Flanges & welds always rust first. Only the tubing is SS in most systems. The one on my 13 yr. P5 looks like yours. Broken bolts are another thing..


----------



## Robby (Mar 1, 2013)

Awfully young car for the studs to rot/break......some serious chemical action taking place.

A good muffler shop will drive out the remains and reassemble with stainless fasteners and a new gasket......you'll have a better system than you started with.

Rob


----------



## diesel (Jun 8, 2013)

Wow! I've never seen anything like that on such a new car. I should take a closer look at mine since it always gets ridden hard and put away wet.


----------



## obermd (Mar 3, 2012)

Is that not covered under the corrosion & rust through warranty? I've never seen something like this happen, even on 10+ year old cars. Rusted out pipes yes, but not bolt shearing.


----------



## chevrasaki (May 1, 2015)

Looks like the exhaust on my 2014 1.4L turbo 6-speed manual 1LT doesn't even have a flange.


----------



## Robby (Mar 1, 2013)

The 1.4 flange is up near the turbo.

The rust warranty is specific to body sheet metal.

Rob


----------



## bostonboy (Apr 8, 2015)

when I painted my rotors & calipers & bracket (eastwood 2 part paint) I had extra paint & my car was all apart w/ 128 miles lifts 2' off the ground so I painted all the welds & flanges. I know i'm doing a big brake kit as I type this & ordered the same paint again & will have even more left over so I will be looking to do a redo on some of my exhaust. I know my rotors & brake calipers look almost like when I painted it. I also rotate my own tires & clean & wax my rims every 5,500 miles. they looks like new too. I can't believe @ 16,300 miles my tires still have the rubber knobbies on the sidewalls all around. I also rhino lined the whole bottom what a PITA that was taping everything you don't want coated. then having to untape it with in hrs or you have to razor the tape off. then all the clear bra on her too about 40% of her all to see if this extra stuff will make my car look better in 10 more yrs than w/o it.


----------



## ChevyGuy (Dec 13, 2014)

Something smells. I can't imagine the bolt shearing off without mechanical stress. What's the story on the other bolt? I'm wondering if the one we see was sheared at the factory and it's been on one bolt all this time. I sure don't see any fresh damage on it - like a clean face like I'd expect to see.


----------



## MP81 (Jul 20, 2015)

ChevyGuy said:


> Something smells. I can't imagine the bolt shearing off without mechanical stress. What's the story on the other bolt? I'm wondering if the one we see was sheared at the factory and it's been on one bolt all this time. I sure don't see any fresh damage on it - like a clean face like I'd expect to see.

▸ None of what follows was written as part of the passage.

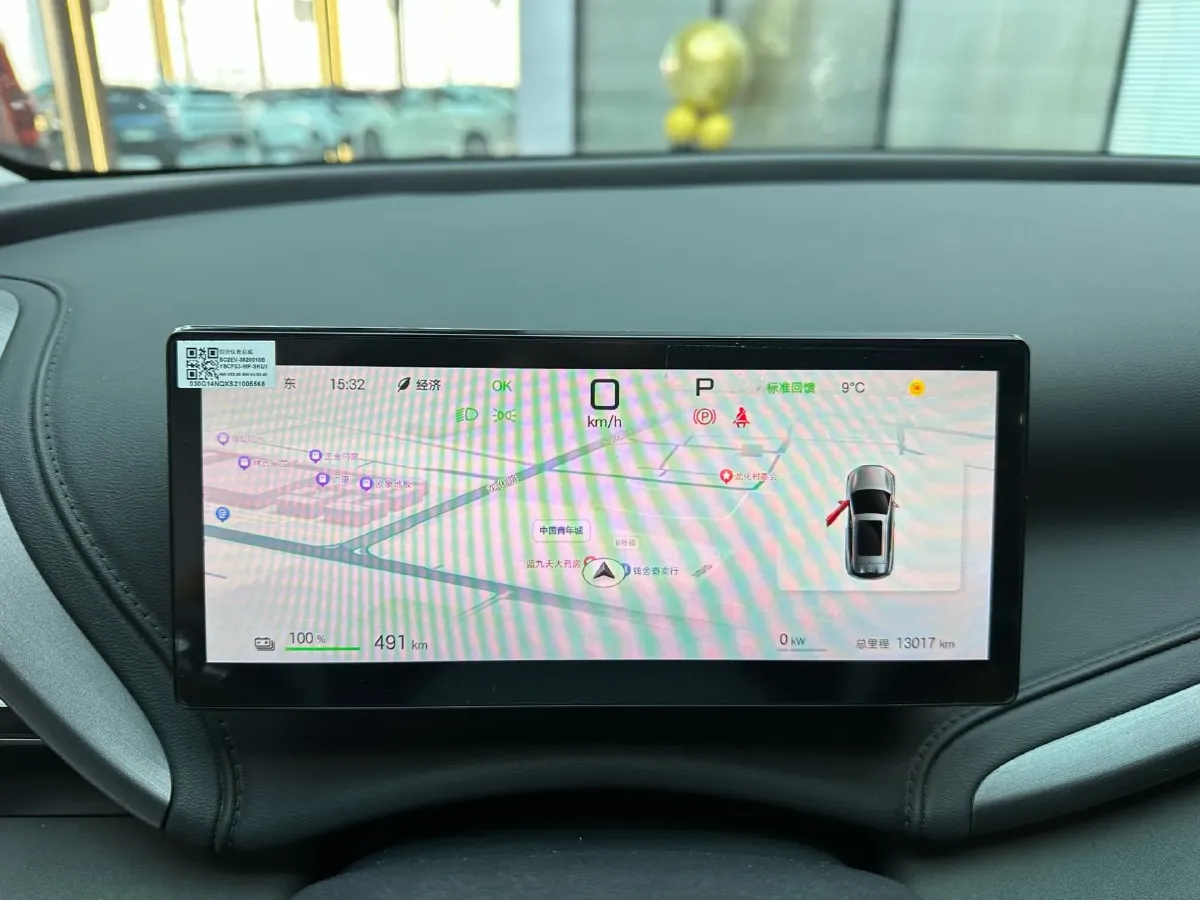 2025 BYD Yuan Plus BEV 60.48KWH,autocango,china used car exporter,china ev exporter,chinese used car exporter,chinese used ev exporter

I agree - the exhaust bolts on my '98 Cavalier, holding the cat into the exhaust system, had all but disintegrated (they looked like little pins) - and everything still held together.

I thought the exhaust was all stainless...hmm...


----------



## Diesel Dan (May 18, 2013)

The exhaust is a very poor grade of stainless, imo. We have 30k on ours and I'm not impressed. The tailpipe on my 2000 k3500 TD looked better when I took it off a few weeks ago for a 4" system.


----------



## spaycace (Feb 9, 2012)

There's one post here with a welded system ... and to my knowledge/past experience, I don't recall there being flanges near the muffler on two vehicles that I've replaced the exhaust on with aftermarket. Are you the original owner? Is it a 1.4 or 1.8? If you're not the original owner, I wonder if some exhaust work was done for whatever reason ... but then again, with parts of the cars being made outside the U.S. I can imaging the quality control isn't the greatest, nor is the material being used. Best of luck with that one! If you have a good dealership and you're the original owner, they should help you out. (He!! ... even if you're NOT the original owner, they should help you out)


----------



## Robby (Mar 1, 2013)

spaycace said:


> There's one post here with a welded system ... and to my knowledge/past experience, I don't recall there being flanges near the muffler on two vehicles that I've replaced the exhaust on with aftermarket. Are you the original owner? Is it a 1.4 or 1.8? If you're not the original owner, I wonder if some exhaust work was done for whatever reason ... but then again, with parts of the cars being made outside the U.S. I can imaging the quality control isn't the greatest, nor is the material being used. Best of luck with that one! If you have a good dealership and you're the original owner, they should help you out. (He!! ... even if you're NOT the original owner, they should help you out)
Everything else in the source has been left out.